Directions: Without any pictures, retype exactly the lines that begin at the one holding "VANS CHECKERBOARD AUTHENTIC" and end at the last line of the data below.

Raw data:

· · · · · · ·

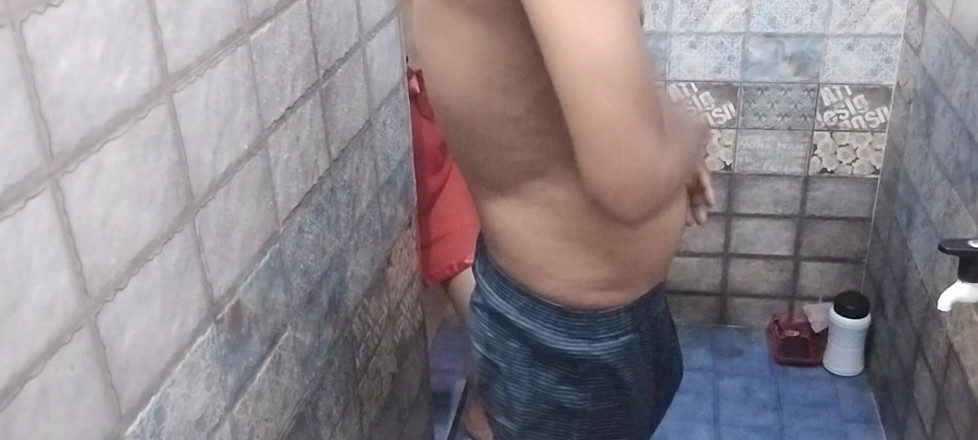 Sudipdhal1: Stepsister and Stepbrother Bathroom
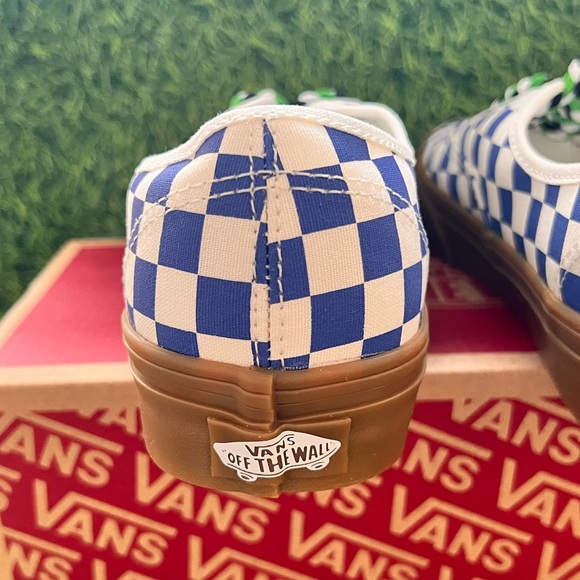 VANS CHECKERBOARD AUTHENTIC blue/whate - Picture 3 of 10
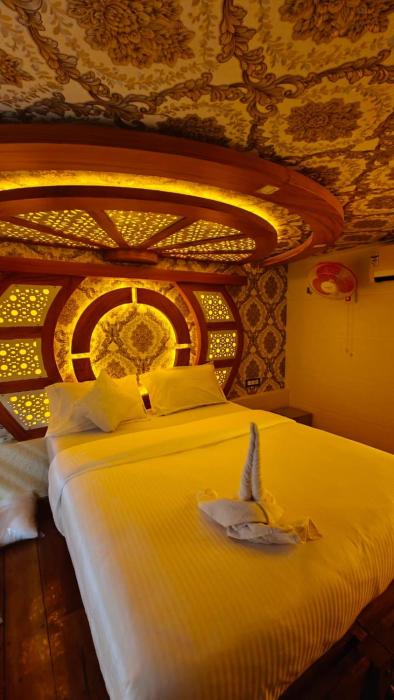 Anugraha Houseboat Ambassador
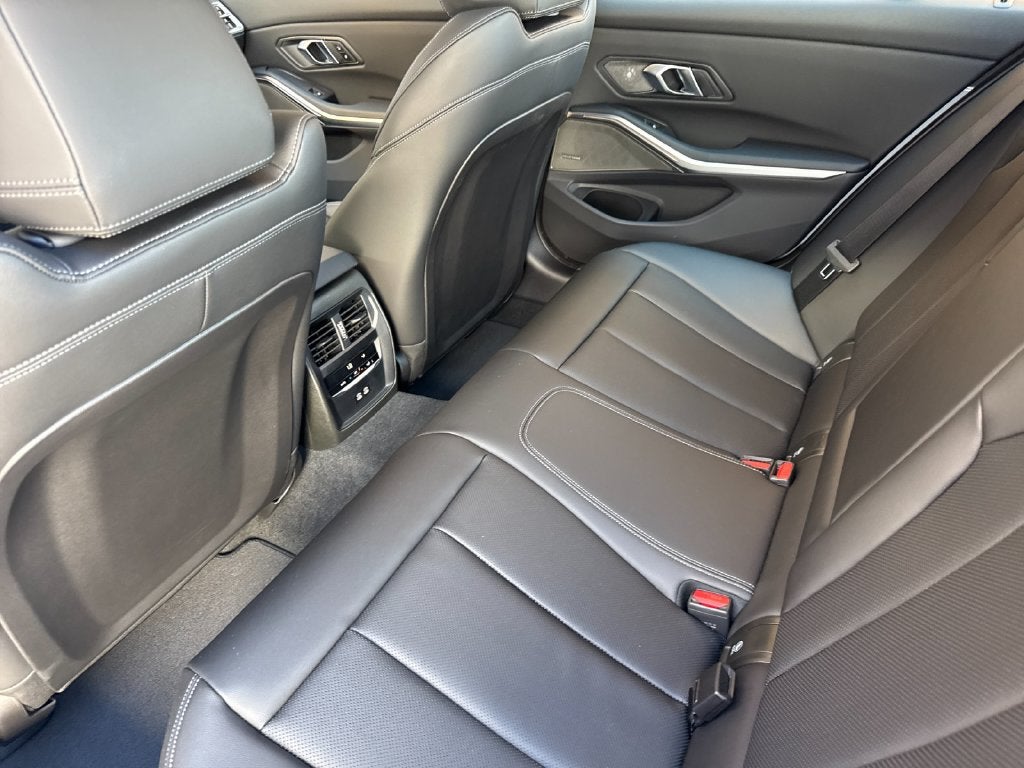 2026 BMW 3 Series 330i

· · · · · · ·

Written answer:
 VANS CHECKERBOARD AUTHENTIC blue/whate - Picture 3 of 10
 Anugraha Houseboat Ambassador
 2026 BMW 3 Series 330i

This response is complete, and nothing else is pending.